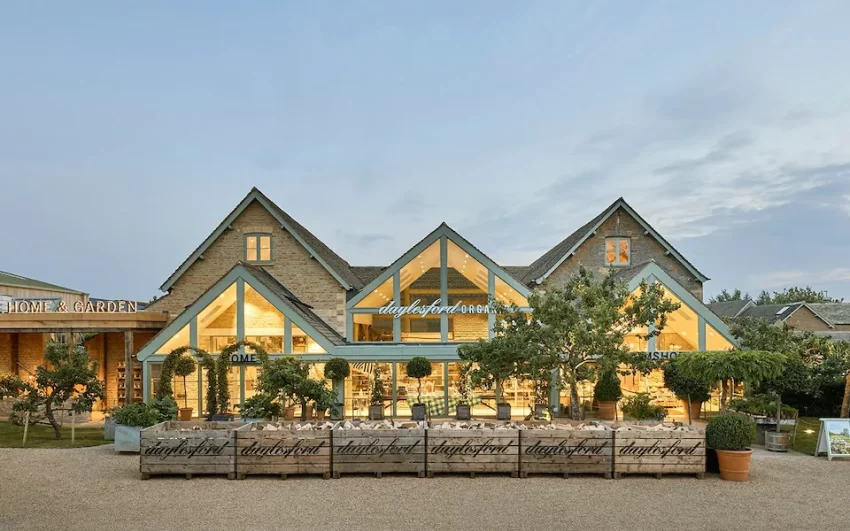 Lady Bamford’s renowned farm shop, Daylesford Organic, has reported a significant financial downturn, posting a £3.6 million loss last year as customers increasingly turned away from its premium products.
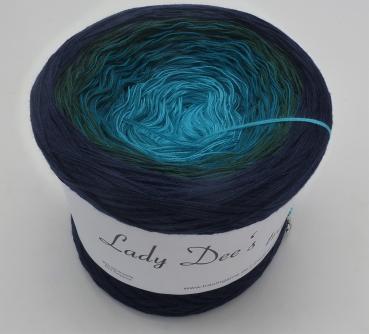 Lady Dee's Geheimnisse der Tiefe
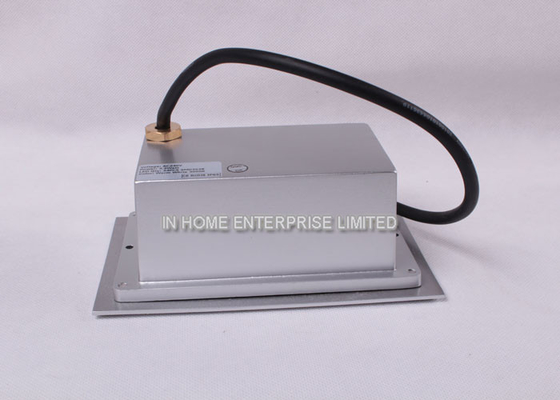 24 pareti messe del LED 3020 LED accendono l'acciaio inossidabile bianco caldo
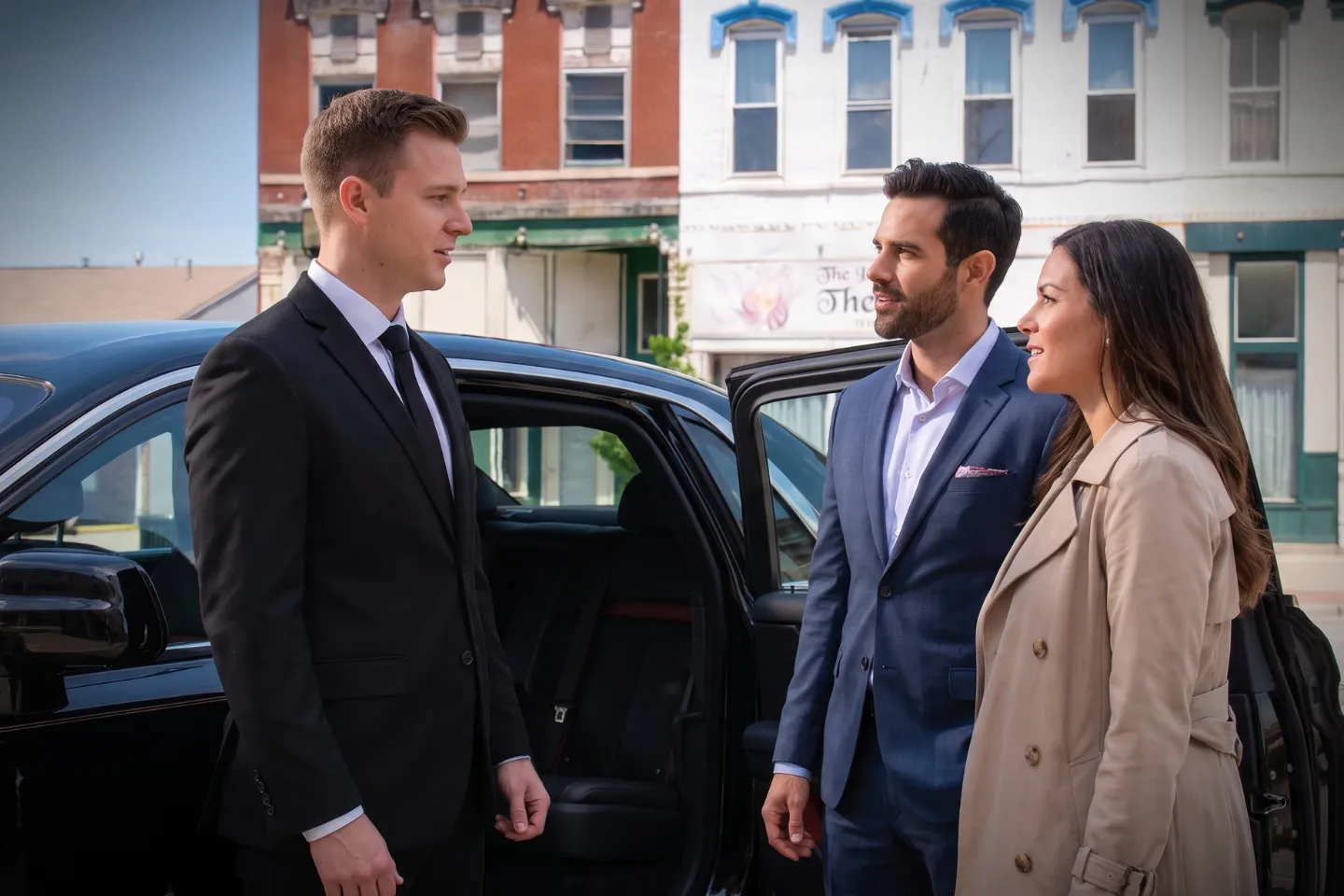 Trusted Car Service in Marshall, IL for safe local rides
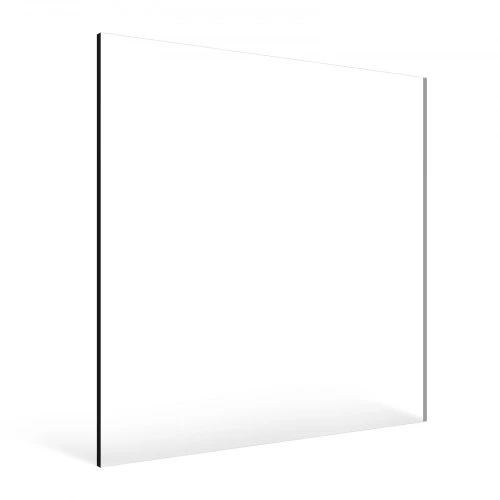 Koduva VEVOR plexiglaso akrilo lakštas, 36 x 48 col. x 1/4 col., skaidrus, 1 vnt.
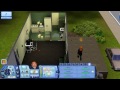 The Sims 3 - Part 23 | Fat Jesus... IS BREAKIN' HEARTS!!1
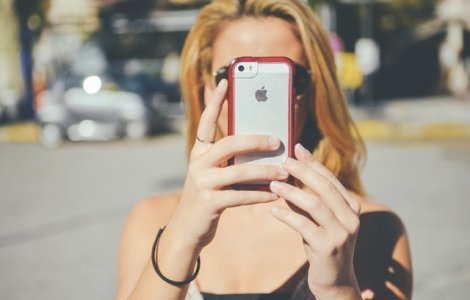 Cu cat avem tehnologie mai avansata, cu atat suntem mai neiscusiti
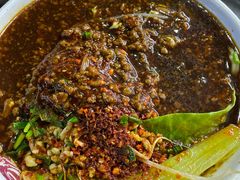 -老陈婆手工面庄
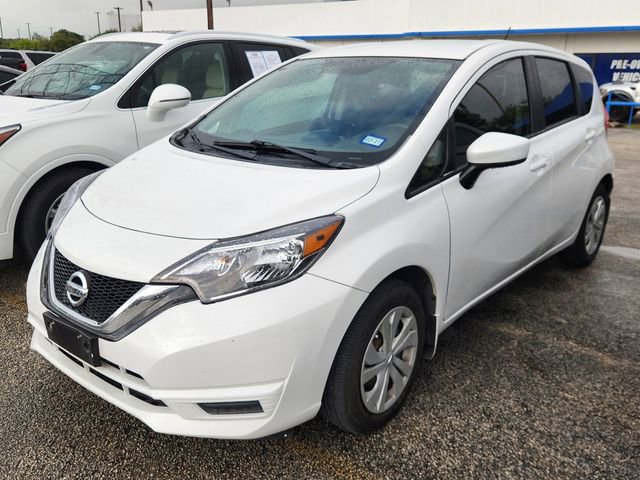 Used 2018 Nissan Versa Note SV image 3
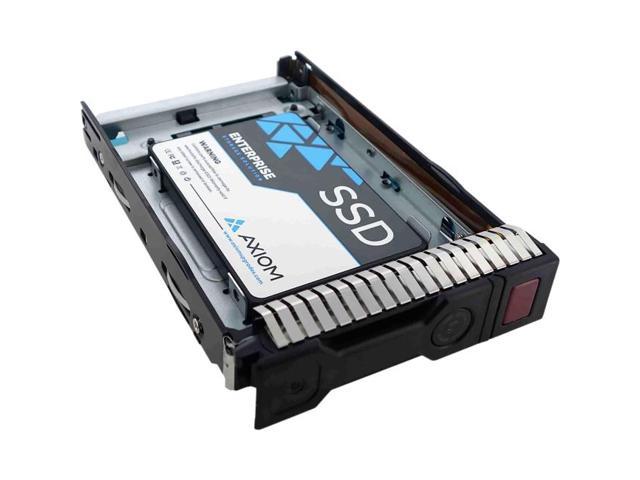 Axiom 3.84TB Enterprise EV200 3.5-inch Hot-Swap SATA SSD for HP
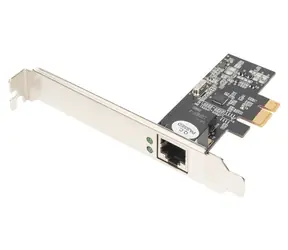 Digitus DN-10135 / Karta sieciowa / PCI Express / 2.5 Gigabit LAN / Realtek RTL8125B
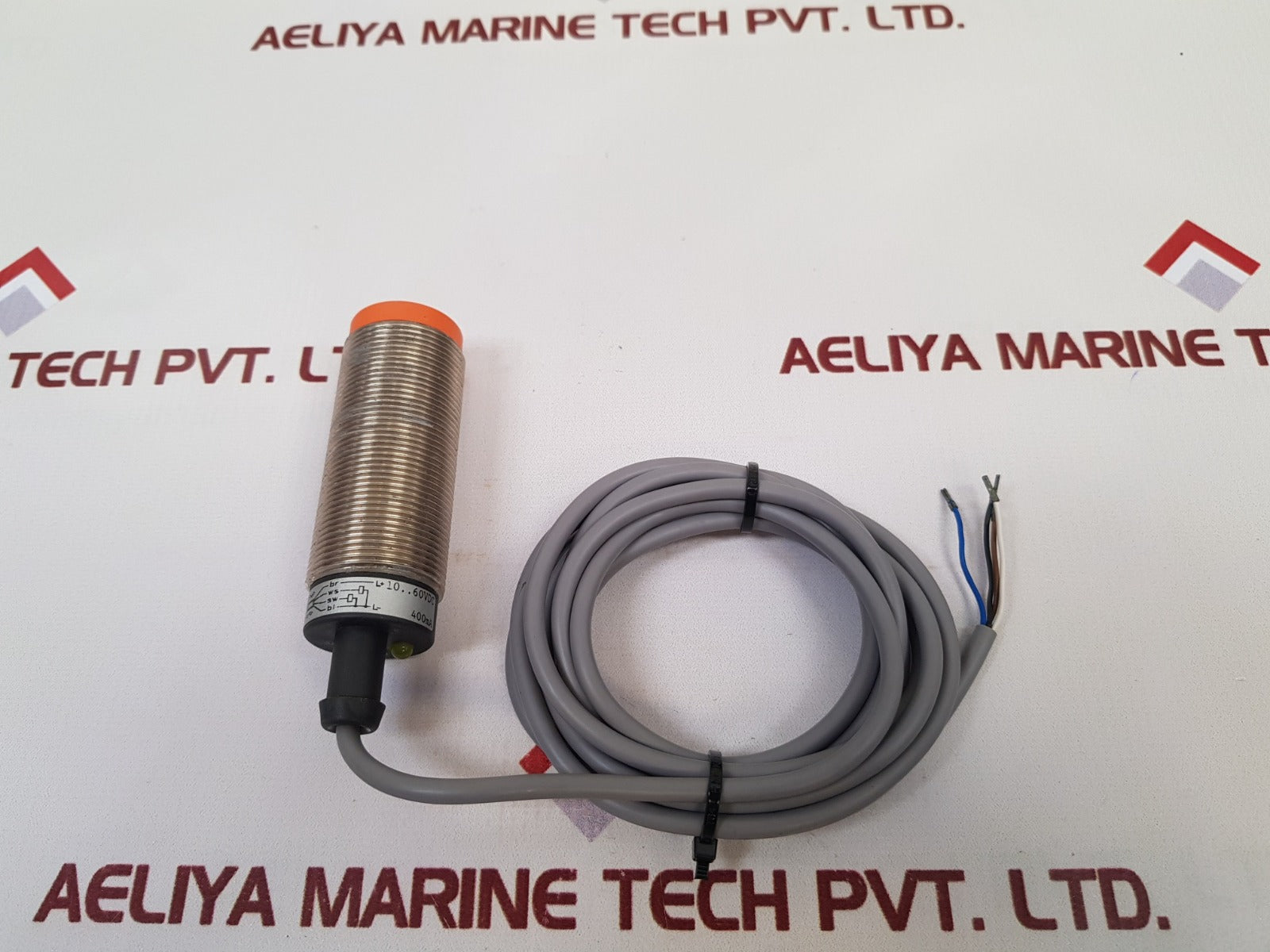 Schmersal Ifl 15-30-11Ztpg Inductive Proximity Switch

Your assignment: Everything in the entries above should be printed again exactly, apart from the pictures.

Final answer:
 Lady Bamford’s renowned farm shop, Daylesford Organic, has reported a significant financial downturn, posting a £3.6 million loss last year as customers increasingly turned away from its premium products.
 Lady Dee's Geheimnisse der Tiefe
 24 pareti messe del LED 3020 LED accendono l'acciaio inossidabile bianco caldo
 Trusted Car Service in Marshall, IL for safe local rides
 Koduva VEVOR plexiglaso akrilo lakštas, 36 x 48 col. x 1/4 col., skaidrus, 1 vnt.
 The Sims 3 - Part 23 | Fat Jesus... IS BREAKIN' HEARTS!!1
 Cu cat avem tehnologie mai avansata, cu atat suntem mai neiscusiti
 -老陈婆手工面庄
 Used 2018 Nissan Versa Note SV image 3
 Axiom 3.84TB Enterprise EV200 3.5-inch Hot-Swap SATA SSD for HP
 Digitus DN-10135 / Karta sieciowa / PCI Express / 2.5 Gigabit LAN / Realtek RTL8125B
 Schmersal Ifl 15-30-11Ztpg Inductive Proximity Switch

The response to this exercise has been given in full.